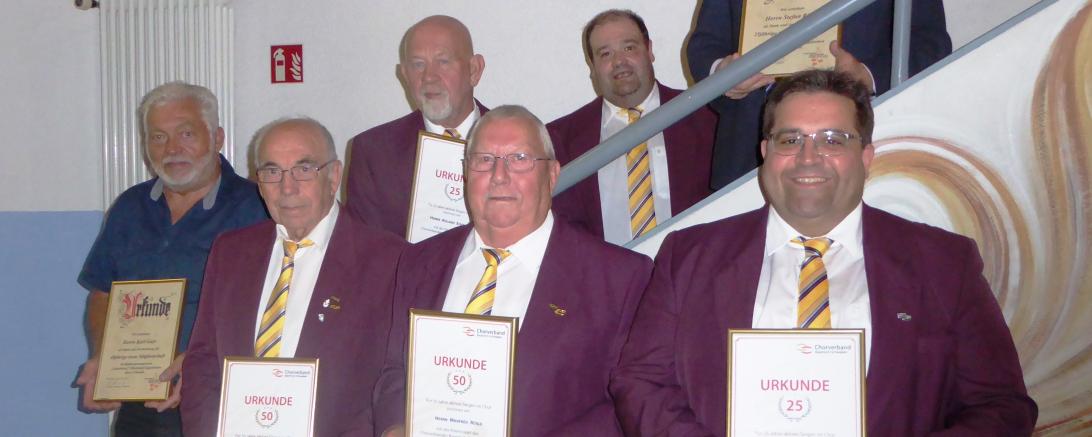 Männer in purpurnen Sakkos bei Treppe mit Urkunden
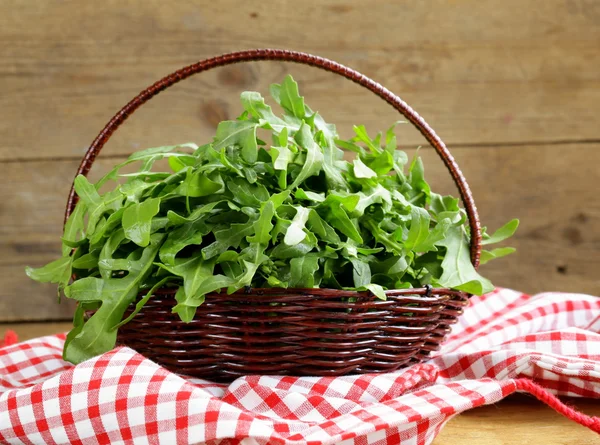 Grande mazzo di insalata verde rucola su un tavolo di legno — Foto Stock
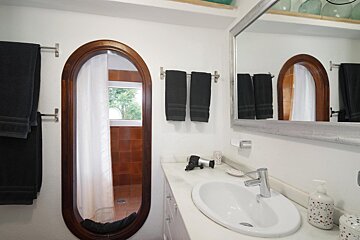 A bathroom with a sink and a large mirror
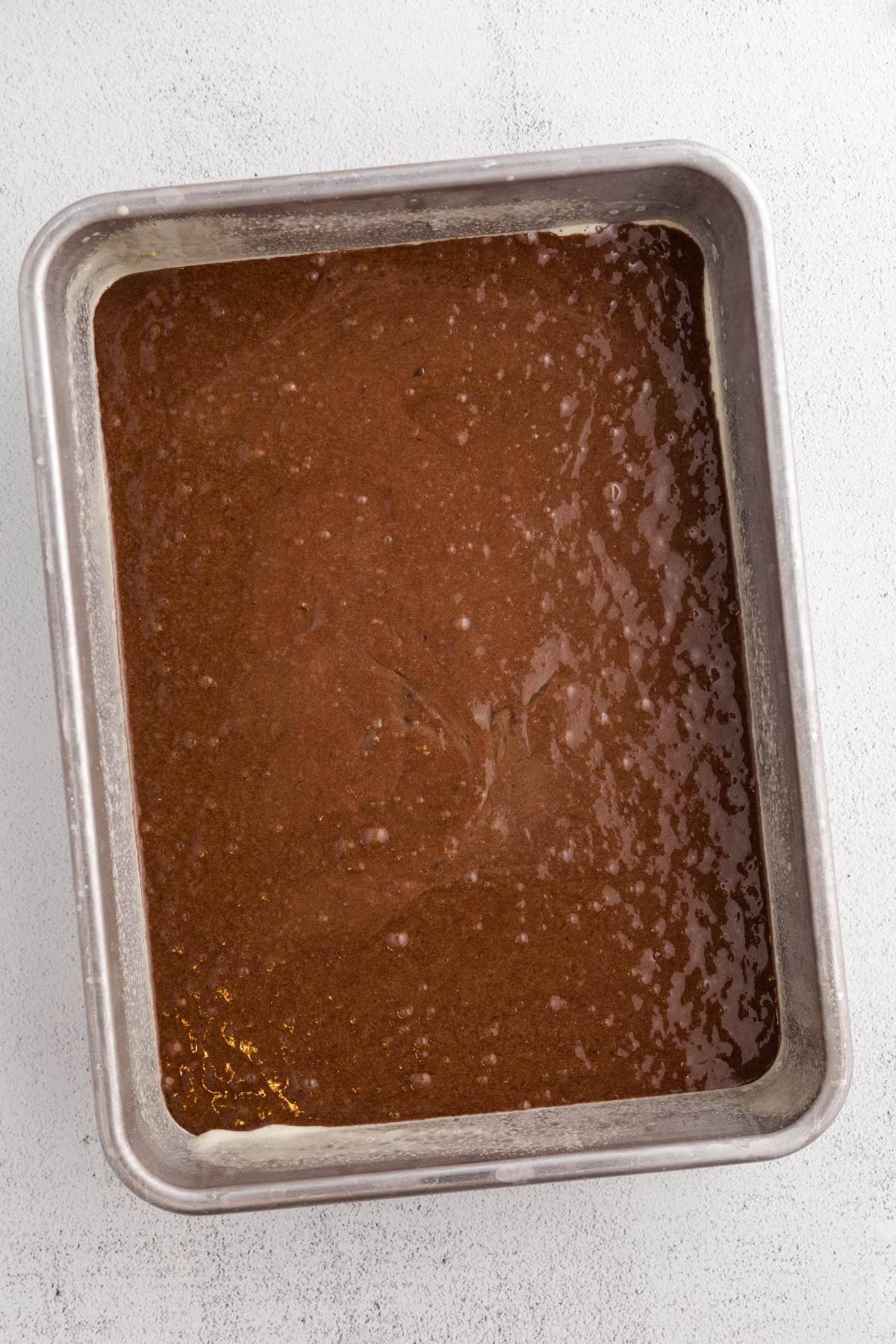 A metal baking pan filled with chocolate cake batter on a light-colored surface.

# [AIM OF THE TASK]
Copy the listing exactly. No images belong in the copy.

# [WRITTEN REPLY]
 Männer in purpurnen Sakkos bei Treppe mit Urkunden
 Grande mazzo di insalata verde rucola su un tavolo di legno — Foto Stock
 A bathroom with a sink and a large mirror
 A metal baking pan filled with chocolate cake batter on a light-colored surface.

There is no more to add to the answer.